Paz Total: el balance de un desastre
El reciente informe de Human Rights Watch https://www.hrw.org/es/news/2025/12/05/colombia-los-grupos-armados-someten-a-las-comunidades-en-putumayo sobre la situación de violencia y opresión en el departamento del Putumayo es demoledor. Comienza citando a la directora de la División de las Américas de HRW, Juanita Goebertus, que dice: “Los grupos armados de Putumayo están utilizando las negociaciones de paz como una oportunidad para reforzar su control sobre la población. Mientras las negociaciones de paz se centran en la reducción de los cultivos de coca, los grupos armados imponen sus propias reglas y castigan severamente a quienes las desobedecen”. Se refiere Goebertus a los planes de la Paz Total del Gobierno del presidente Gustavo Petro, que después de tres años y medio de administración no han producido nada distinto a un fortalecimiento de los grupos armados ilegales, así como de los cultivos y la producción potencial de cocaína.
Los reportes recientes de otras entidades como la Fundación Ideas para la Paz https://x.com/ideaspaz/status/1996377565120876732 y el Centro Externadista de Paz https://www.uexternado.edu.co/centro-externadista-de-paz/homicidios-en-el-trienio-del-gobierno-petro-superan-a-duque-y-santos-mas-de-40-000-asesinatos-cuestionan-la-promesa-de-la-paz-total/ disputan la idea difundida por el presidente Petro de que la tasa de homicidios en Colombia ha disminuido. Tanto la FIP como el Externado, con datos oficiales, controvierten esa afirmación. El 2025 ya está peor que el 2024, con 11.327 homicidios con corte a octubre, contra los 10.952 asesinatos de 2024. El reporte del Externado, que recomiendo, dice que durante los primeros tres años del Gobierno Petro se registraron 40.663 homicidios, un aumento de 7,6 por ciento frente al trienio de Duque (37.795) y de 11 por ciento frente a Santos II (36.646), con el promedio anual más alto de la última década (13.554 asesinatos).
Explica que el periodo más crítico fue entre agosto de 2024 y agosto de 2025, con 13.817 homicidios, o sea un asesinato cada 39 minutos, que es además la cifra más alta desde 2014. Este deterioro de la seguridad y la importancia de la vida, en un gobierno que prometió reducir estas estadísticas, tiene un componente de variación territorial: la región Caribe subió sus cifras, sobre todo por las disputas entre el Clan del Golfo, las disidencias, el ELN, las bandas urbanas y las redes transnacionales. Es difícil seguirle la pista a la cantidad de grupos que existen en el país tomado por las bandas mafiosas. Sí, es cierto también que 13 departamentos bajaron sus cifras, incluyendo Antioquia y Nariño. Luego está el caso del Catatumbo, que muestra un deterioro extremo: Tibú pasó de 29 a 129 homicidios y alcanzó una tasa de 187,5 por cada 100.000 habitantes, una de las más altas del país.

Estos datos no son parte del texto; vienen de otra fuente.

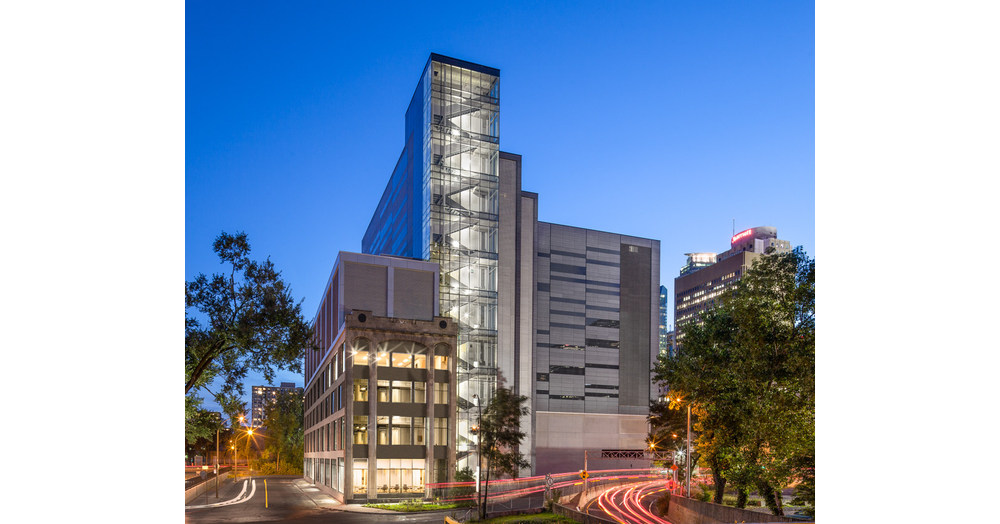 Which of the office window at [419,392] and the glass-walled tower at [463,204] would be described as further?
the glass-walled tower at [463,204]

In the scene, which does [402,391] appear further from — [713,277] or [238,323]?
[713,277]

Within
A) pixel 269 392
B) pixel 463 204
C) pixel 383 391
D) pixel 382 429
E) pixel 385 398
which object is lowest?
pixel 269 392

Bogotá también sube 229 homicidios (+7,1 por ciento) en el trienio y 14,8 por ciento solo en 2024.
Una conclusión del reporte es que la “promesa de la ‘Paz Total’ enfrenta un desafío estructural que requiere acciones contundentes para evitar que esta tendencia continúe arraigándose en los territorios”. Es decir, el candidato del continuismo, el senador Iván Cepeda, tendrá que decidir si quiere seguir con este experimento fallido de la Paz Total, que no solo no ha servido para nada, sino que ha empeorado la situación en muchos territorios que ya antes, justo es reconocerlo, ya vivían situaciones desgarradoras de violencia. Esta semana que pasó un artículo de El País América explicaba, con razón, que el gran talón de Aquiles del candidato Cepeda era, justamente, la inseguridad, tema que muchos colombianos creemos (además del reto fiscal y energético que se viene en 2026) es el más grave y con mayor tendencia a empeorar entre todos los males que nos aquejan.
El reporte de HRW sobre el Putumayo explica, por ejemplo, que las cifras oficiales de homicidios han descendido hasta su nivel más bajo en una década, pero que múltiples fuentes le “dijeron a Human Rights Watch que los grupos armados a menudo obligan a las comunidades a recoger y enterrar los cadáveres de las personas que matan, aparentemente para ocultar los crímenes. Trabajadores humanitarios y autoridades locales afirmaron que los grupos han estado atacando mayormente a líderes comunitarios e indígenas”. He mencionado en esta triste columna tres investigaciones distintas sobre los efectos, evidentemente perversos, de la política de Paz Total. Me parece claro que, a pesar de las ficciones cuánticas y delirantes que se cuenta el presidente Petro y que muchos de sus votantes aún le compran, el debate sobre la seguridad en Colombia es urgente. Habrá que cuestionar sobre ello al candidato Cepeda.